Privacy-focused blockchain protocol Zama said it will accelerate compliance measures and proceed with its confidential $USDC launch after a US court lifted a temporary freeze on about $12.5 million in $USDC held in its cUSDC smart contract, according to a Tuesday X post by co-founder Rand Hindi.
The freeze, first reported by Cointelegraph on Saturday, stemmed from a temporary restraining order obtained in connection with an ongoing dispute involving stakeholders of an unrelated project, Overnight Finance. Circle froze the funds after receiving the court order, even though Zama was not a party to the case, according to Hindi's account.
“The same court has now lifted the freeze, determining that it was unwarranted,” Hindi wrote. He added that the protocol's cUSDC contract and all underlying $USDC had returned to normal operation.
The incident highlights tensions between privacy-focused blockchain infrastructure and centralized stablecoins whose issuers can freeze assets under court order.
Hindi argued that the episode “could have happened to any protocol holding freezable assets,” including decentralized exchanges, lending protocols and bridges.

Zama $USDC freeze lifted. Source: Rand Hindi
According to Hindi, approximately $12.5 million in $USDC was deposited into Zama's confidential $USDC wrapper on May 11.
He said the deposit address later became the subject of litigation and a temporary restraining order connected to a dispute involving Overnight Finance. Because the deposit represented more than 99% of the contract's total value shielded, plaintiffs sought a blanket freeze order through Circle, he said.
Jeremy Bradley, Zama's chief operating officer, told Cointelegraph the court ultimately concluded that freezing an entire smart contract pool imposed disproportionate harm on uninvolved users. He said Zama demonstrated that, because its protocol preserves visible sender and recipient addresses while encrypting balances and amounts, the disputed account could be isolated and frozen directly without affecting other users.

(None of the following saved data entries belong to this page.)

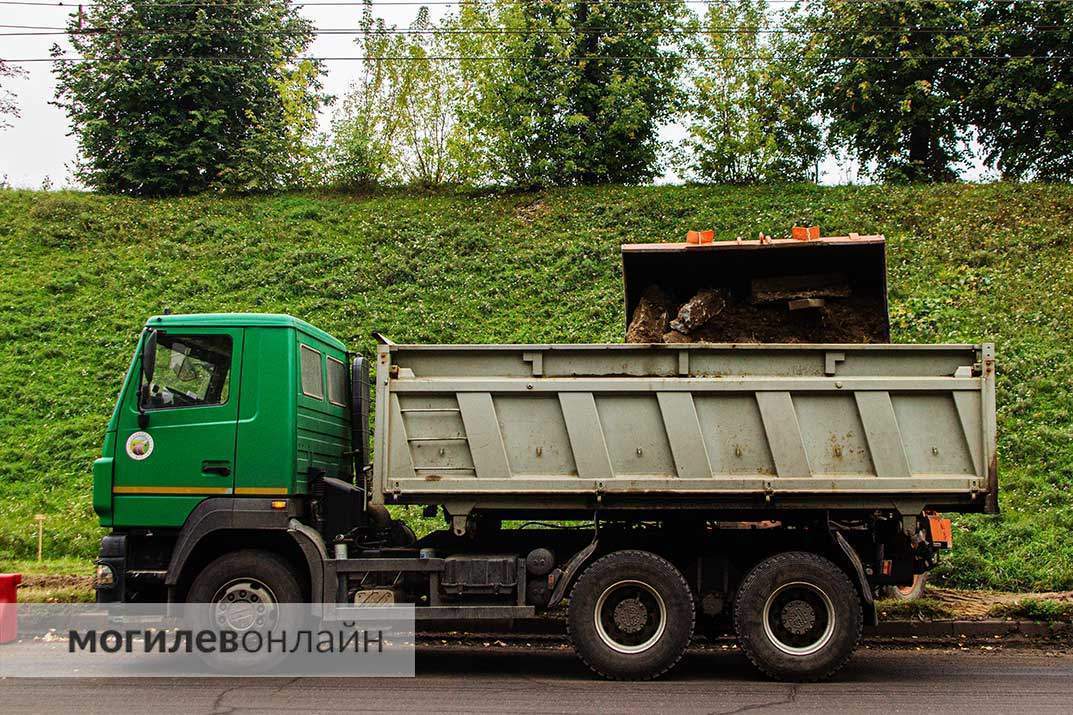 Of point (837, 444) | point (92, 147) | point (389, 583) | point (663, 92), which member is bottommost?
point (389, 583)

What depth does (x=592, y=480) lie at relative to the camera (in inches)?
305

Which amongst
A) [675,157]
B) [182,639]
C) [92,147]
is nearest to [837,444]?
[182,639]

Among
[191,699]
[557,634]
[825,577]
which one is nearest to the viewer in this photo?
[191,699]

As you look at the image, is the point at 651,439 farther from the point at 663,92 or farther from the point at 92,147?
the point at 92,147

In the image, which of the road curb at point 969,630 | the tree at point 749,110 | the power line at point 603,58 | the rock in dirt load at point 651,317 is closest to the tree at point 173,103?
the power line at point 603,58

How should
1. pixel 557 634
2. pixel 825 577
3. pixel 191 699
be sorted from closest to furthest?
pixel 191 699 < pixel 825 577 < pixel 557 634

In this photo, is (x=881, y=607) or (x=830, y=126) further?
(x=830, y=126)

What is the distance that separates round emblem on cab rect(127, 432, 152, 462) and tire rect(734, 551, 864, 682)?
4881mm

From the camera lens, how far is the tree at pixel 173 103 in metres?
27.2

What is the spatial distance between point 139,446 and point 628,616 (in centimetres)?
418

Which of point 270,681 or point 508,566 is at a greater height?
point 508,566

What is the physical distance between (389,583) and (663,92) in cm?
2322

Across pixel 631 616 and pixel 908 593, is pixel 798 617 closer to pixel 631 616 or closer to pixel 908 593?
pixel 631 616

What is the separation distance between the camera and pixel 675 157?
2886 centimetres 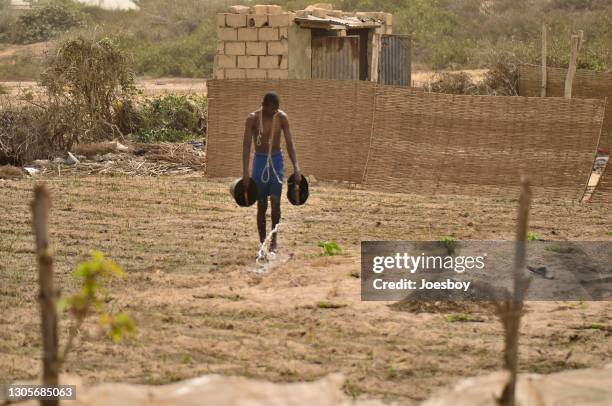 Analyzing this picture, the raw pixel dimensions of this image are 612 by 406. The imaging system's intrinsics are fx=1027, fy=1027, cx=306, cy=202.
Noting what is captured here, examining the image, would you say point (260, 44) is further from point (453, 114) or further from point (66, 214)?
point (66, 214)

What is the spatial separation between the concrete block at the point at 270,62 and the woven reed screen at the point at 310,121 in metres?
1.81

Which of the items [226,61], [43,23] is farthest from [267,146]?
[43,23]

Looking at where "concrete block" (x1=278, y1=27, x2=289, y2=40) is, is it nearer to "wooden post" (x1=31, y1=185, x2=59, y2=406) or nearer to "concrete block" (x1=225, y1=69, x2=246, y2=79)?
"concrete block" (x1=225, y1=69, x2=246, y2=79)

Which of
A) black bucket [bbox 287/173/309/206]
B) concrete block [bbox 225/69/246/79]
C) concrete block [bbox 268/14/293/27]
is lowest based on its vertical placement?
black bucket [bbox 287/173/309/206]

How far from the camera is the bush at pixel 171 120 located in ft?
58.2

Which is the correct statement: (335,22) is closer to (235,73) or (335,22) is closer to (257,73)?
(257,73)

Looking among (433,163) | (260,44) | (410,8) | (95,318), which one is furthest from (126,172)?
(410,8)

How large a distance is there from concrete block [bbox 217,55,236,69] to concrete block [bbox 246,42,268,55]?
0.98ft

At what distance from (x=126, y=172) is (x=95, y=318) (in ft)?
26.6

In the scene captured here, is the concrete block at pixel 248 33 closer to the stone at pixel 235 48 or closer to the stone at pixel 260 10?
the stone at pixel 235 48

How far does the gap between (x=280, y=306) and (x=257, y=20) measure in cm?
939

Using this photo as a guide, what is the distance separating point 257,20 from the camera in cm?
1622

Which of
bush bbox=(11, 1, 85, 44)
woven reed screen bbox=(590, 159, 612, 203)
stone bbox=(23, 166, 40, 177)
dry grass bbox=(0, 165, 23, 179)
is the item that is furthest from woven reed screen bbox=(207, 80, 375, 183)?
bush bbox=(11, 1, 85, 44)

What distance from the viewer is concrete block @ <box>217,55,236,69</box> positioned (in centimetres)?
1647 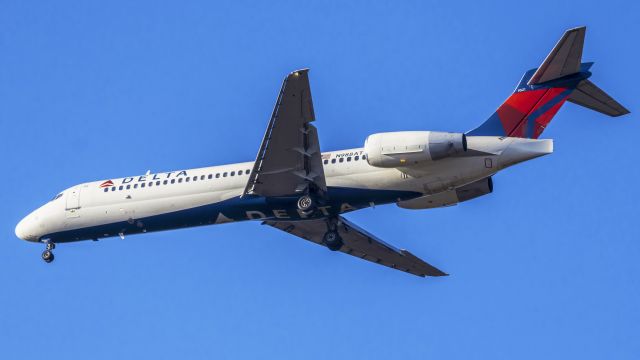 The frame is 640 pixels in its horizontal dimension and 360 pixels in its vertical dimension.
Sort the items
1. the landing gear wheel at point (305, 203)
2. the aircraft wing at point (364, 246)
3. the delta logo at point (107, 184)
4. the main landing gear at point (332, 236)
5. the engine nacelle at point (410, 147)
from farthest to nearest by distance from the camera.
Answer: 1. the aircraft wing at point (364, 246)
2. the delta logo at point (107, 184)
3. the main landing gear at point (332, 236)
4. the landing gear wheel at point (305, 203)
5. the engine nacelle at point (410, 147)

Bradley said the case illustrates how protocols holding centralized stablecoins in pooled contracts may be exposed to similar risks. “Automated market makers, lending protocols, bridges, and anyone holding $USDC in a pooled contract is effectively one court order away from this exact situation,” he said.
Zama to accelerate compliance roadmap
In response, Zama said it will accelerate its compliance roadmap, including introducing automatic enforcement of compliance actions taken by underlying asset issuers.
Under the proposed framework, if Circle freezes a $USDC address, the corresponding confidential $USDC held by that address would also be frozen. The protocol also plans to establish a compliance council and integrate additional compliance and transaction-monitoring tools.
Bradley said the measures accelerate an existing roadmap rather than represent a change in strategy. “We always designed the protocol with programmable compliance in mind,” he said, adding that the incident made deploying those tools more urgent and would help provide institutions with greater confidence in the protocol's ability to respond to legal requests.
Despite the incident, Hindi said Zama remains committed to building on $USDC and plans to launch its cUSDC product later this month, including shielding $5 million of $USDC from its own treasury.
Bradley said the episode has reinforced interest from institutional users rather than dampened it, arguing that the court's decision to lift the freeze demonstrated that the protocol can operate within existing legal frameworks while preserving privacy features.
He added that Circle was acting pursuant to a court order and that the broader issue was the lack of tools for carrying out targeted freezes without affecting entire smart contract pools.